Diskussion um Sexualstrafrecht: Neue deutsche Prüderie
Die Regierung will das Sexualstrafrecht verschärfen, kann sich aber nicht einigen. Gut so - denn das geplante Gesetzt führt zu einer Burkaisierung der Jugend.
Dass die Justizministerin Brigitte Zypries abwiegelt, ist ihrem liberalen Selbstverständnis zuzurechnen: "Kein Jugendlicher muss befürchten, bestraft zu werden, wenn er einen anderen ins Kino einlädt und hofft, dass es zum Austausch von Zärtlichkeiten oder sexuellen Berührungen kommt", betonte Zypries in einer Reaktion auf alarmierende Meldungen über ein Gesetz, das das Bundeskabinett bereits beschlossen hat.

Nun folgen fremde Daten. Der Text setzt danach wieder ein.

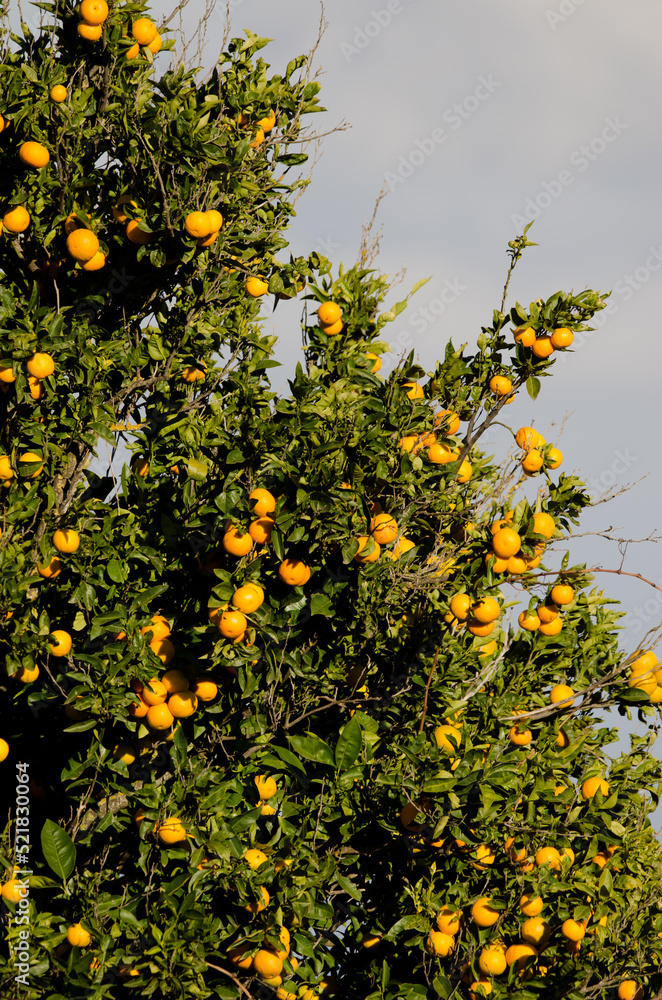 Obraz premium Orange tree Citrus x sinensis with fruits. Cueva Grande. San Mateo. Gran Canaria. Canary Islands. Spain.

Es geht um schärfere Gesetze gegen Pornografie, in deren Mittelpunkt Kinder stehen und keineswegs, wie es aus dem sozialdemokratisch geführten Justizministerium heißt, um eine Kriminalisierung von hormonell aufgewühlten Pubertierenden.
Beschlossen werden soll, da gibt es kein Dementi, eine Schutzbestimmung, der zufolge Prostitution von nicht volljährigen Mädchen und Jungen für deren Kunden strafbar macht. Auch soll die, so heißt es, aufreizende Zurschaustellung von jugendlichen oder infantilen Körpern geahndet werden. Nicht jedoch, wenn ein Jugendlicher eine Gleichaltrige in einer, beispielsweise, Eisdiele, angräbt, ihr einen Paradiesbecher ausgibt und deutlich zu verstehen gibt, sie auch küssen zu wollen.
Das Problem bei diesem Gesetz ist allein ein Umstand, der es insgesamt als ein weiches Rechtskonstrukt kenntlich macht: Wertlos für die echten Fälle von sexuellem Missbrauch, kostbar aber für jene, die ohnehin die sexuelle Liberalisierung seit Mitte der Sechzigerjahre rückgängig machen möchten. Denn: Wann fängt eine Verführung an, der erotischen Anbahnung nützlich zu sein - wann ist sie ein Akt der sexuellen Gewalt? Macht sich ein Teenager strafbar - gleich ob weiblich oder männlich -, wenn er oder sie nackte Tatsachen per SMS verschickt: Wenn sie zum Beispiel nur dem "Vorglühen" (umgangssprachlich für "antörnen", real: in eine sexuell gewogene Stimmung bringen) vor dem realen Treffen dienen?
Und muss sich nicht auch eine Justizministerium fragen, dass es ein Gesetz vorbereitet, das der "moralischen Kolonisierung" dienlich ist, wie es die Deutsche Gesellschaft für Sexualforschung befürchtet, also einer Renaissance von Werten, die alles Sexuelle wie Schmutz und Schund scheinen lässt?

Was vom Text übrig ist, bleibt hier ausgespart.